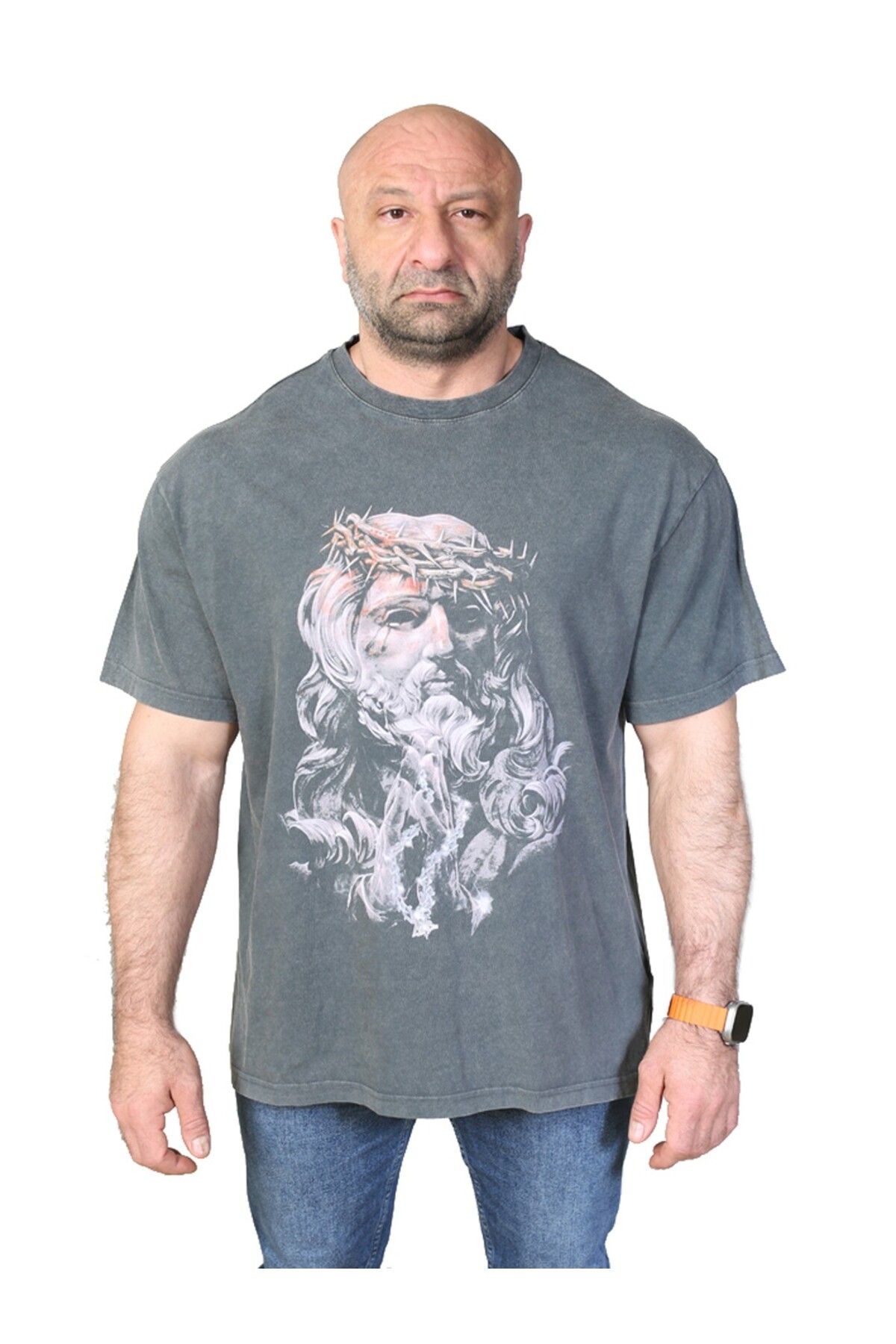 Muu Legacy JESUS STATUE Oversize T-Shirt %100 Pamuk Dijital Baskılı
---
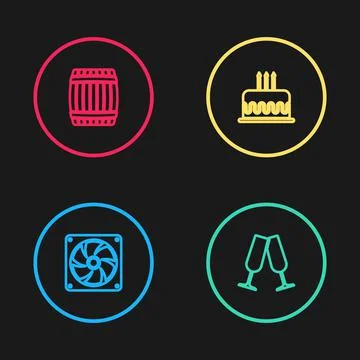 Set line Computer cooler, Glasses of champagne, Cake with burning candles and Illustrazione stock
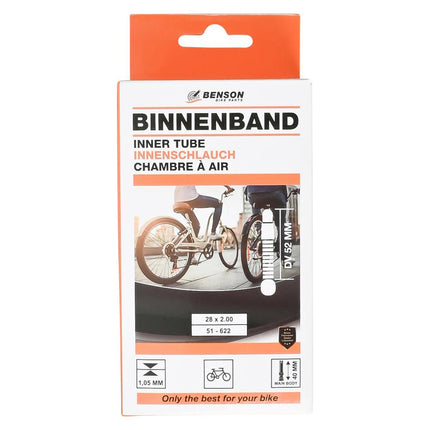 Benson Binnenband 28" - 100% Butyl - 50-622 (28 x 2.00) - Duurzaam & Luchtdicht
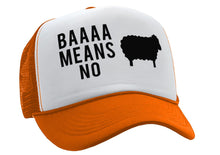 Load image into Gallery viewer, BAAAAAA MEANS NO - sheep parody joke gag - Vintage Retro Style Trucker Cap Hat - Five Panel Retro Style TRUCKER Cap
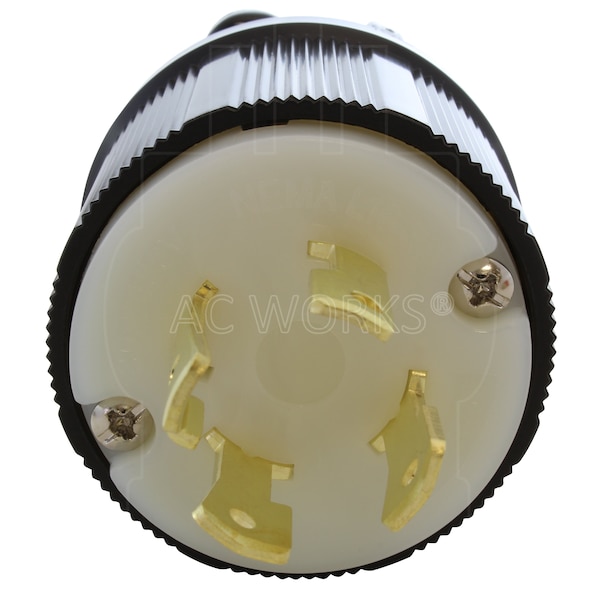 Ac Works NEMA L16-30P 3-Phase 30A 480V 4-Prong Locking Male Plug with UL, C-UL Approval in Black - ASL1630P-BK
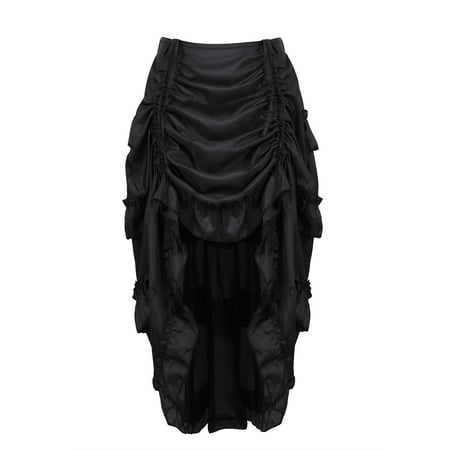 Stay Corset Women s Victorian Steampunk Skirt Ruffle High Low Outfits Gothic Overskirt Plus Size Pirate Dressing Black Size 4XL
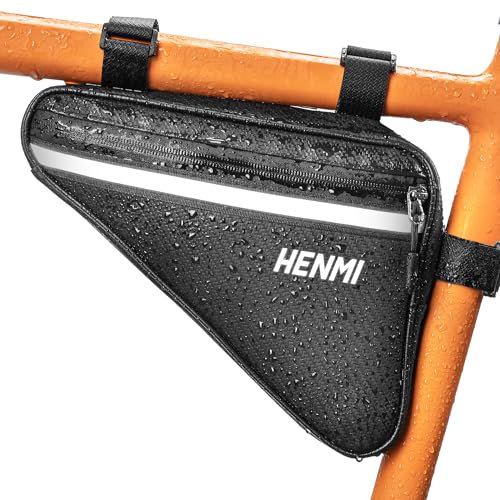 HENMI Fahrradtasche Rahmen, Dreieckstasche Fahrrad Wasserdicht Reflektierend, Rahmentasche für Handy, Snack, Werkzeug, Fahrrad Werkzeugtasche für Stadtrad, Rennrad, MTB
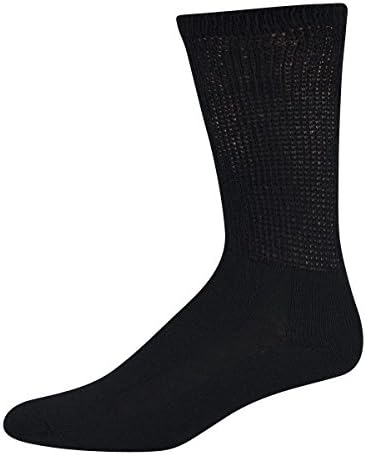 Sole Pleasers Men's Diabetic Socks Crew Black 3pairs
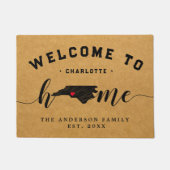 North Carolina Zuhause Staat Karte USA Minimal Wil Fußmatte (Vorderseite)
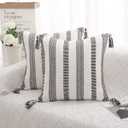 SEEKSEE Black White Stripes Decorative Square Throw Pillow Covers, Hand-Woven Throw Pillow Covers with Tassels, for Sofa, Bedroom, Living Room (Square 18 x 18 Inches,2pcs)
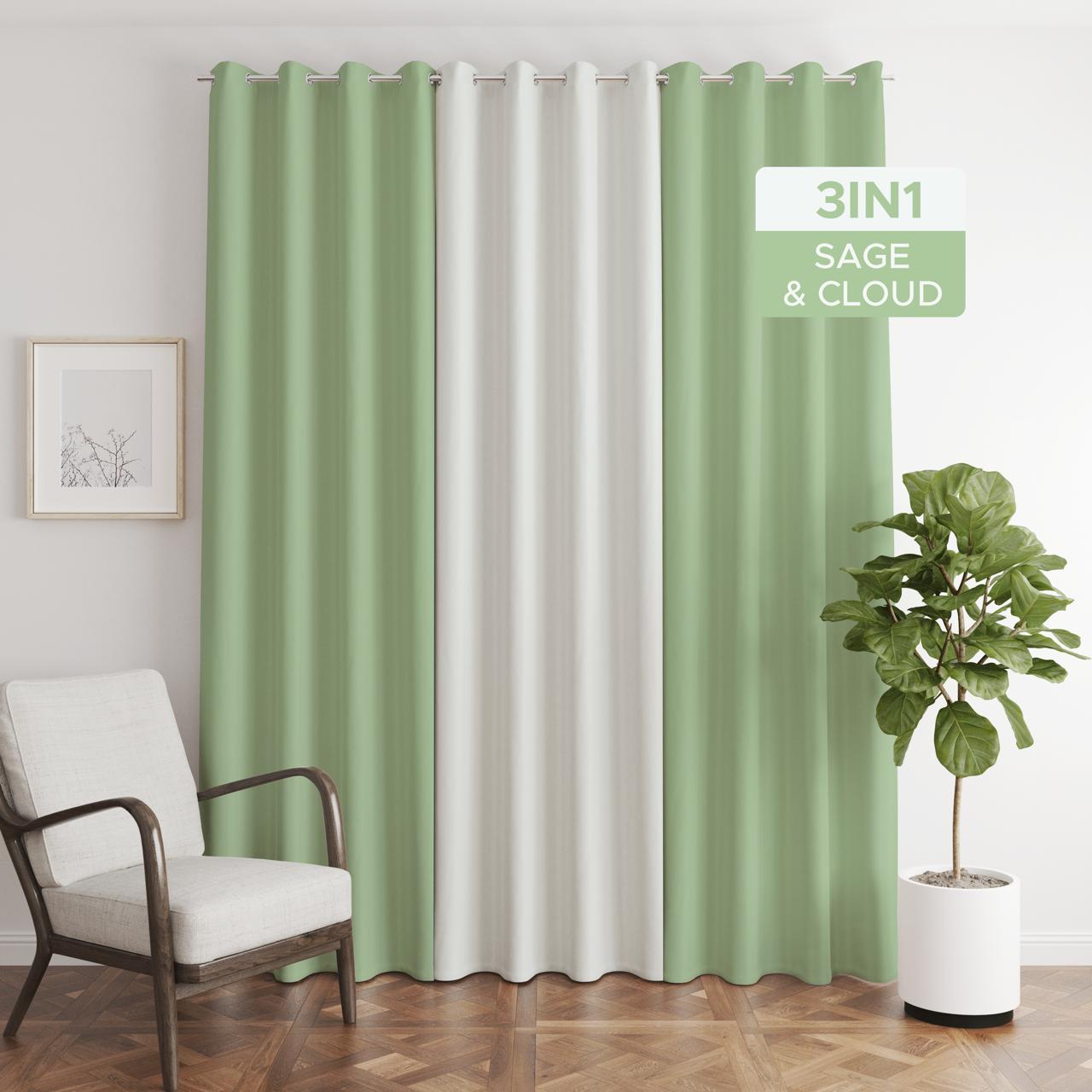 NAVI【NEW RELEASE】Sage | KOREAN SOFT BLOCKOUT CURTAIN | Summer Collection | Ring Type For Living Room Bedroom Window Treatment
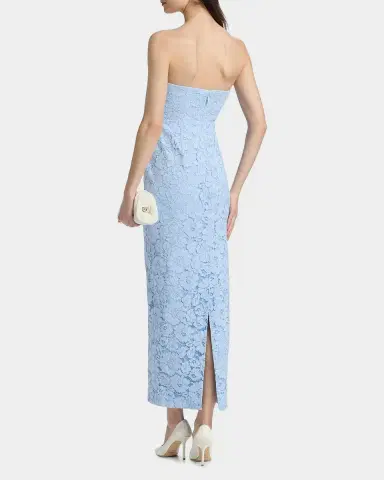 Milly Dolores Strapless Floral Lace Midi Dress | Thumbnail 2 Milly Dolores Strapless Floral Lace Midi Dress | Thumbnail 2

What is needed =
The material above holds pictures; leave them out. Repeat exactly the lines from the one containing "NAVI【NEW RELEASE】Sage |" through the one containing "Thumbnail 2 Milly", and nothing else.

Result of this exercise =
 NAVI【NEW RELEASE】Sage | KOREAN SOFT BLOCKOUT CURTAIN | Summer Collection | Ring Type For Living Room Bedroom Window Treatment
 Milly Dolores Strapless Floral Lace Midi Dress | Thumbnail 2 Milly Dolores Strapless Floral Lace Midi Dress | Thumbnail 2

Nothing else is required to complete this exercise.